フィリップ王戦争(読み)フィリップおうせんそう(その他表記)King Philip's War

ブリタニカ国際大百科事典 小項目事典 「フィリップ王戦争」の意味・わかりやすい解説

フィリップ王戦争
フィリップおうせんそう
King Philip's War

1675~76年にアメリカのニューイングランド地方一帯を巻き込んだインディアン諸民族連合軍とニューイングランド植民地連合軍との戦い。キングフィリップ戦争とも呼ばれる。

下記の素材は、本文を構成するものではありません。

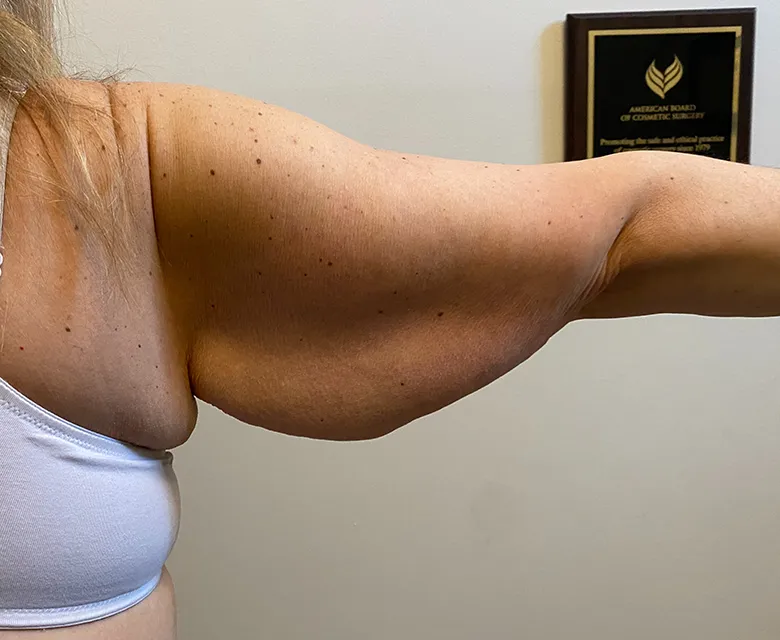 Arm Lift case #7804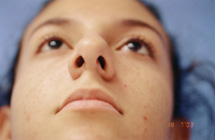 Rhinoplasty Before & After Patient #4803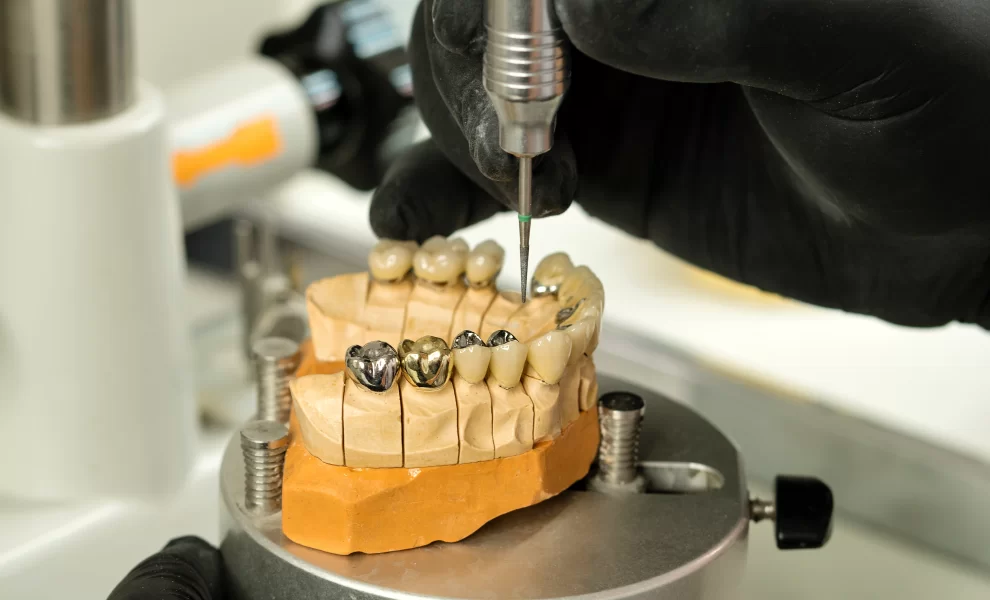 Eksik Dişlere İmplant Mı, Köprü Mü? Yapılmalı ?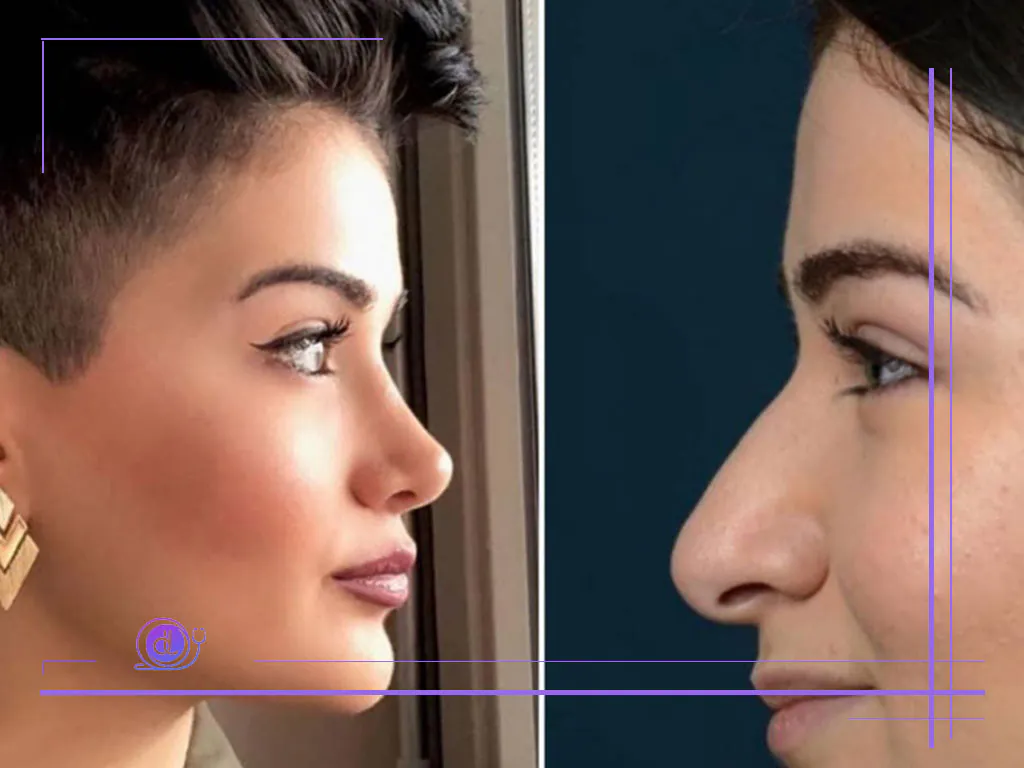 هزینه بینی فانتزی در تهران-3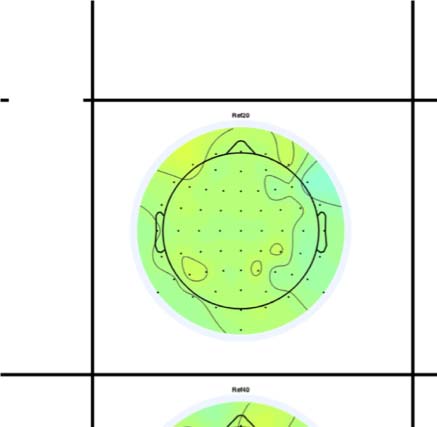 The Formation of Symmetrical Gestalts Is image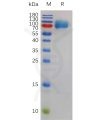 sp-pme m100051 csf1r sp1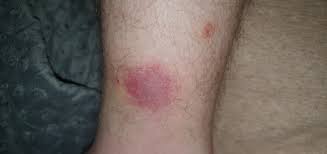 Insektenstich Die Meistgelesenen Fragen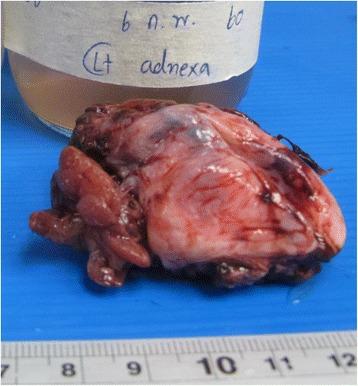https://cdn.ncbi.nlm.nih.gov/pmc/blobs/2c1c/5806353/627bc102514d/12879_2018_2986_Fig3_HTML.jpg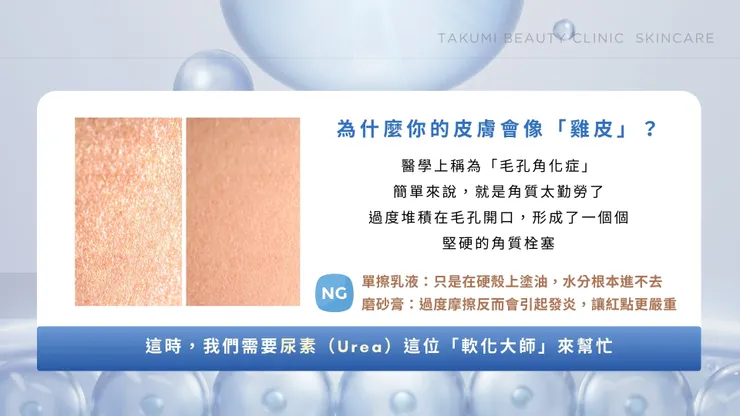 告別粗糙雞皮與乾裂！尿素乳膏搭配居家酸類換膚+醫美療程，找回消失已久的滑嫩感！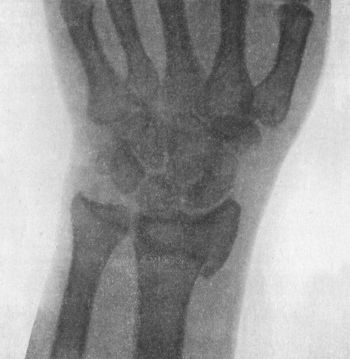 Fig. 45.—Radiogram showing the line of fracture and upward displacement of the radial styloid in Colles' Fracture.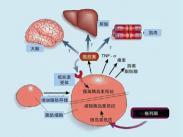 胰岛素抵抗与代谢综合征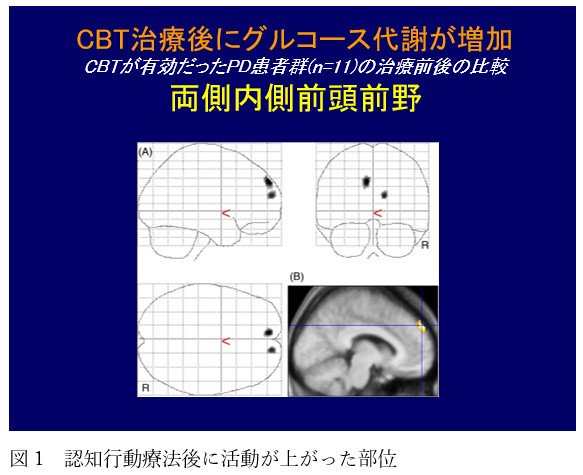【中古】 心理療法の交差点 精神分析・認知行動療法・家族療法・ナラティヴセラピ/新曜社/岡昌之 心理療法の交差点―精神分析・認知行動療法・家族療法
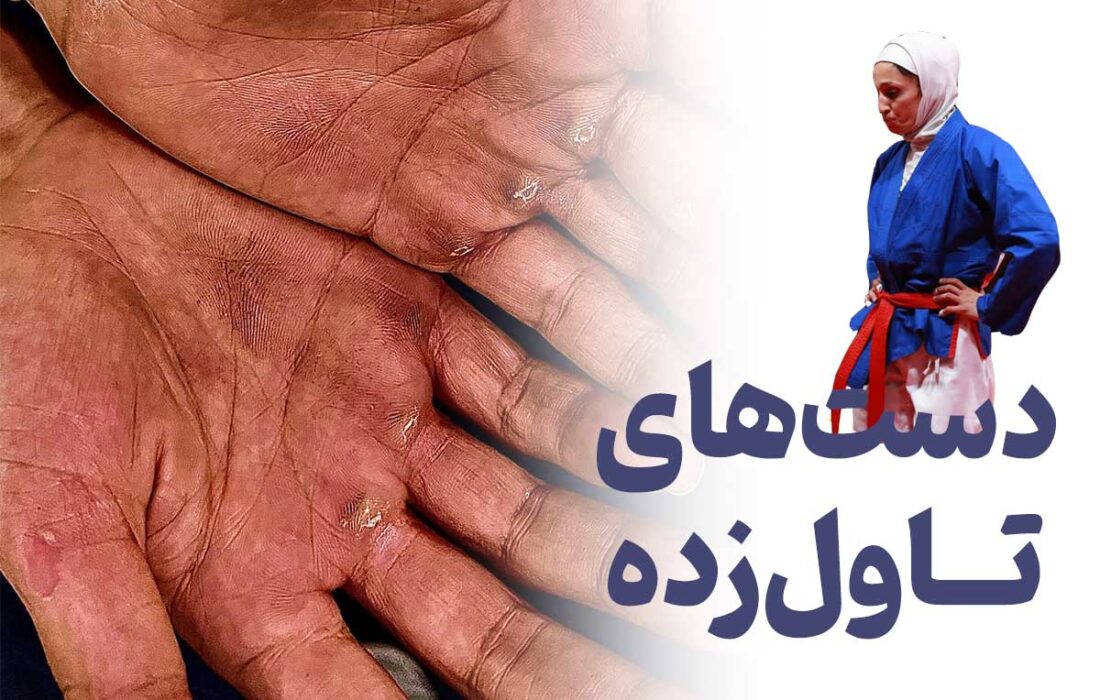 تاول دست‌های طاهره آذرپیوند (عکس)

インディアン連合軍の指導者ワンパノアグ族の大族長メタコムは,マサソイトの息子でフィリップ王と呼ばれたことからこの名がついた。1675年6月,3人の密告者インディアンの殺害をきっかけに始まったこの戦争は,ワンパノアグ族,ニプマック族,ナラガンセット族などが,白人植民者による土地侵略に耐えかねて起こした徹底的抗戦で,1676年春までにニューイングランドの 92の町のうち 52を攻撃し,12を壊滅させたが,マサチューセッツコネティカットプリマスの植民地側も兵士を動員して徹底的な弾圧と殺戮を加え,同年5~8月の掃討戦でメタコムを射殺した。彼の妻と子供は捕えられ,奴隷として西インドに売られた。ニューイングランドのインディアンはこの戦いで再び立ち上がれないほどの壊滅的打撃を受けたが,一部はカナダに逃れてフランス勢力と結びイギリス勢力に対抗した。植民地側の受けた打撃も大きく,本国への依存を望む勢力の台頭をみた。